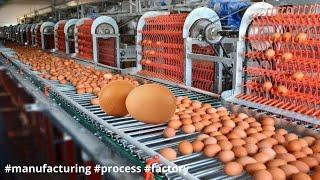 Modern Automatic Egg Farming Harvest Technology. How its Made eggs Chicken Efficiency #manufacturing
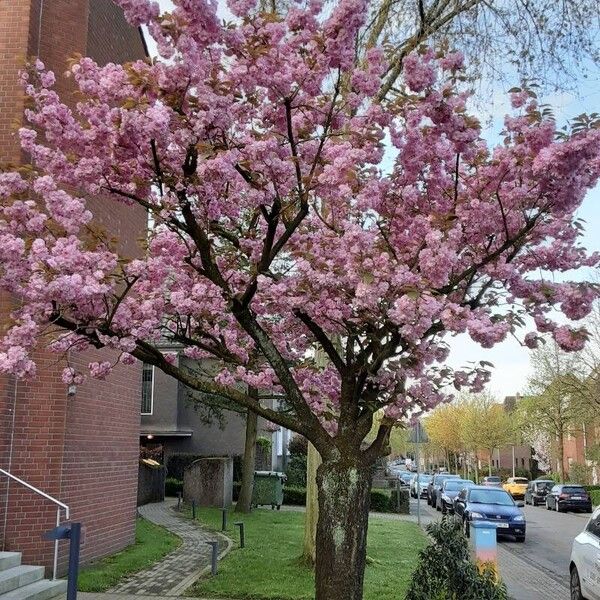 Prunus serrulata Habit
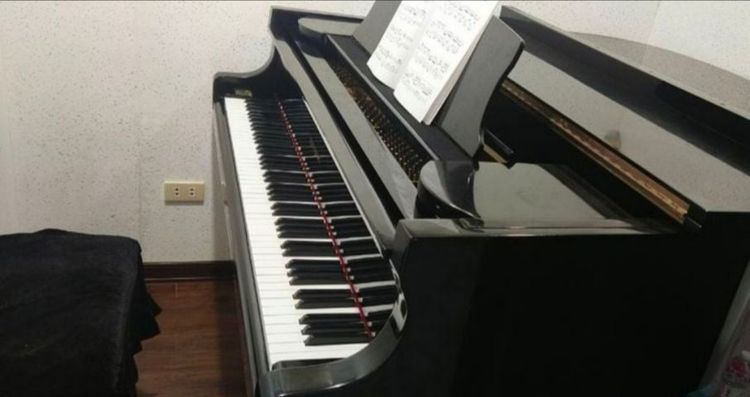 เรียนเปียโนกับครูหญิง จบเอกเปียโน เรียนสอบเกรด แข่งเปียโน สายไหม วงศกร หทัยราษฎร์ เพิ่มสิน ลำลูกกา เทพรักษ์ สะพานใหม่ คลอง4 คลอง5 คลอง6 คลองสามวา จตุโชติ นิมิตใหม่ รูปที่ 14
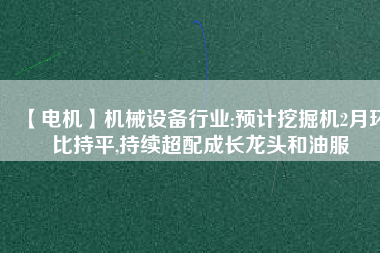 【電機(jī)】機(jī)械設(shè)備行業(yè):預(yù)計(jì)挖掘機(jī)2月環(huán)比持平,持續(xù)超配成長(zhǎng)龍頭和油服 - TECO東元電機(jī) | 變頻器·伺服電機(jī)·減速機(jī)·電機(jī)解決方案
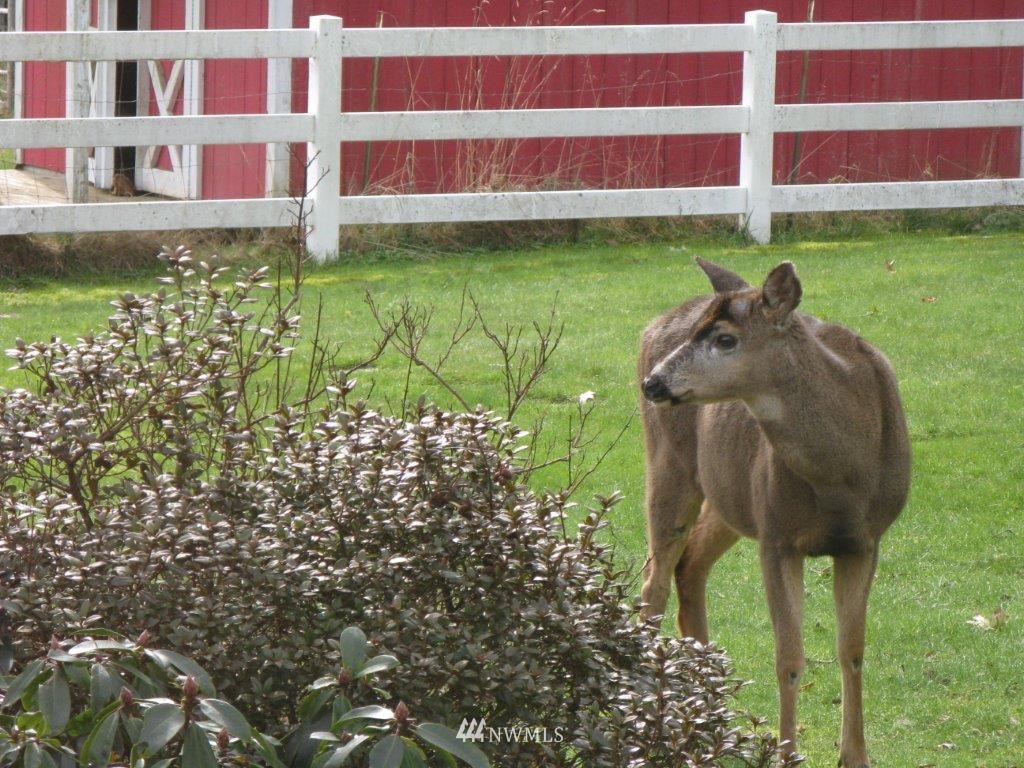511 South Fork Road Raymond, WA 98577 - Photo 7 of 15 Gallery Image 7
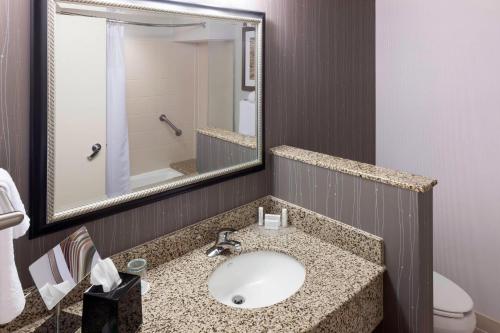 萨福克萨福克切萨皮克庭院酒店的一间带水槽、镜子和卫生间的浴室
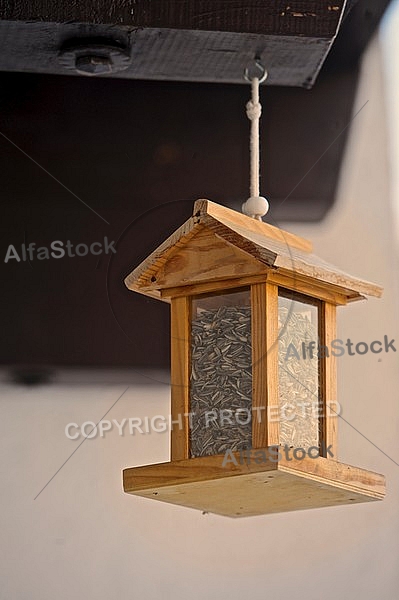 Bird feeder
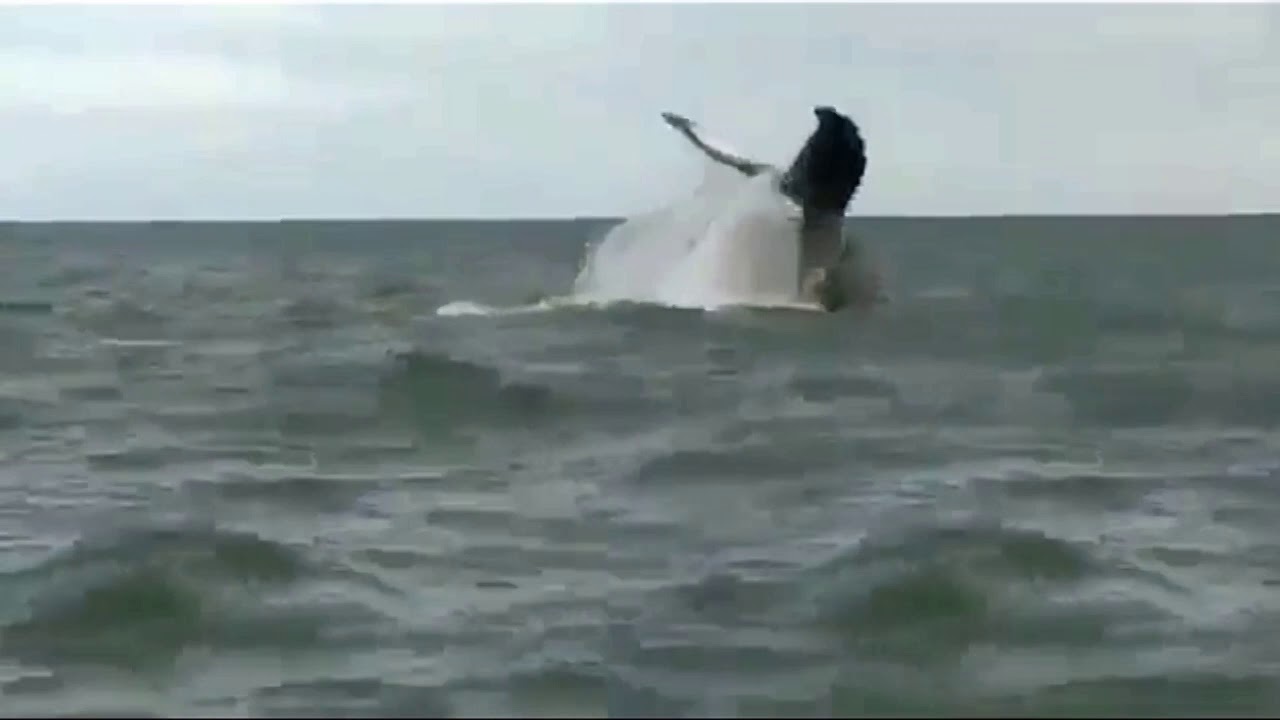 (Vídeo) Turistas flagram aparição de baleia no litoral de Maragogi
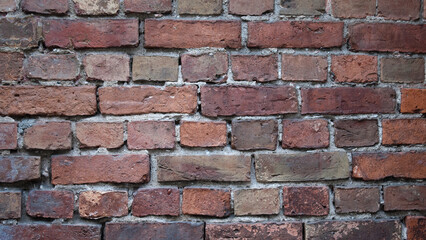 The photo shows a close-up of a brick wall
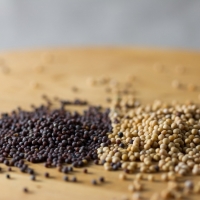 Mustard Seeds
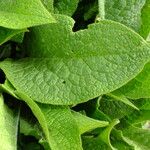 Symphytum caucasicum Folha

● ● ● ● ● ● ●

Exercise aim: Produce an exact reproduction of the listing above, limited to the lines starting at the line with "Prunus serrulata Habit" and ending at the line with "(Vídeo) Turistas flagram", both kept, with every picture left out.

Reply to the exercise:
 Prunus serrulata Habit
 เรียนเปียโนกับครูหญิง จบเอกเปียโน เรียนสอบเกรด แข่งเปียโน สายไหม วงศกร หทัยราษฎร์ เพิ่มสิน ลำลูกกา เทพรักษ์ สะพานใหม่ คลอง4 คลอง5 คลอง6 คลองสามวา จตุโชติ นิมิตใหม่ รูปที่ 14
 【電機(jī)】機(jī)械設(shè)備行業(yè):預(yù)計(jì)挖掘機(jī)2月環(huán)比持平,持續(xù)超配成長(zhǎng)龍頭和油服 - TECO東元電機(jī) | 變頻器·伺服電機(jī)·減速機(jī)·電機(jī)解決方案
511 South Fork Road Raymond, WA 98577 - Photo 7 of 15 Gallery Image 7
 萨福克萨福克切萨皮克庭院酒店的一间带水槽、镜子和卫生间的浴室
 Bird feeder
 (Vídeo) Turistas flagram aparição de baleia no litoral de Maragogi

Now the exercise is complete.